Friday, December 09, 2011

Agnus Dei

Time to take the plunge and from now on, my video clips will be encoded using the new HTML5 protocol. I am sure there will be issues to resolve such as aspect ratio, subtitles etc..., but these videos will play on iPhones and iPads.

You may remember in some of my previous blogs of Fellini's "And the Ship Sails On," there were a couple of references to Agnus Dei from Rossini's "Petite Messe Solennelle," here and here. (Remember, these older blogs will not play on Apple's devices that do not support Flash.) I felt it incomplete to leave that work without returning to it today. I am far from being religious, but many if not all of the great composers wrote divine music especially for religion, and one cannot escape the reality that it is an integral part of life. Here is a complete performance (length 7 minutes 13 seconds) of Rossini's Agnus Dei. Listening to this kind of music, don't you wonder what the singing is about? I do! Without appropriate background, it will be tough to know what the words say... so I did my homework just to satisfy my curiosity... and you can read about it here:

From this, I plagiarized the following..."In Liturgy, Agnus Dei is a name given to the formula recited thrice by the priest at Mass (except on Good Friday and Holy Saturday) in the Roman rite. It occurs towards the end of the Canon, after the prayer "Haec commixtio", etc. Having finished saying this prayer, the priest covers the chalice with the pall, genuflects, rises, inclines his head (but not his body) profoundly towards the altar and, with hands joined before his breast (and not, therefore, resting on the altar), says with a loud voice: "Agnus Dei, qui tollis peccata mundi, miserere nobis" (Lamb of God, Who takest away the sins of the world, have mercy on us), repeats the formula unchanged, and still a third time, substituting now "dona nobis pacem" (grant us peace) for "miserere nobis", meanwhile striking his breast thrice, once at each "miserere nobis" and once at "Dona nobis pacem", with the right hand (the left hand resting throughout, from the first "Miserere", on the altar)."
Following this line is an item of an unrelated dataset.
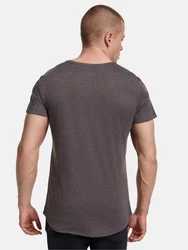 Tazzio T-Shirt E106 Basic Rundhalsshirt E106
Now listen to the mezzo-soprano Manuela Custer (born in Novara, received her diploma from the "Giuseppe Verdi" Conservatory in Turin under the guidance of Elio Battaglia. She made her debut in 1985 as ENRICO in Rossini's Elisabetta, Regina d'Inghilterra with Lella Cuberli, Rockwell Blake, and Daniela Dessì, conducted by Gabriele Ferro,) and the choir, that's what they are singing. I am not sure why they cannot memorize these lyrics and have the need to each carry the pages that they hold in front of them. The words are not that complicated admittedly it's Latin. I am sure I can remember this if I were paid to sing this in a choir... but they will have to pay me handsomely! A king's ransom would do!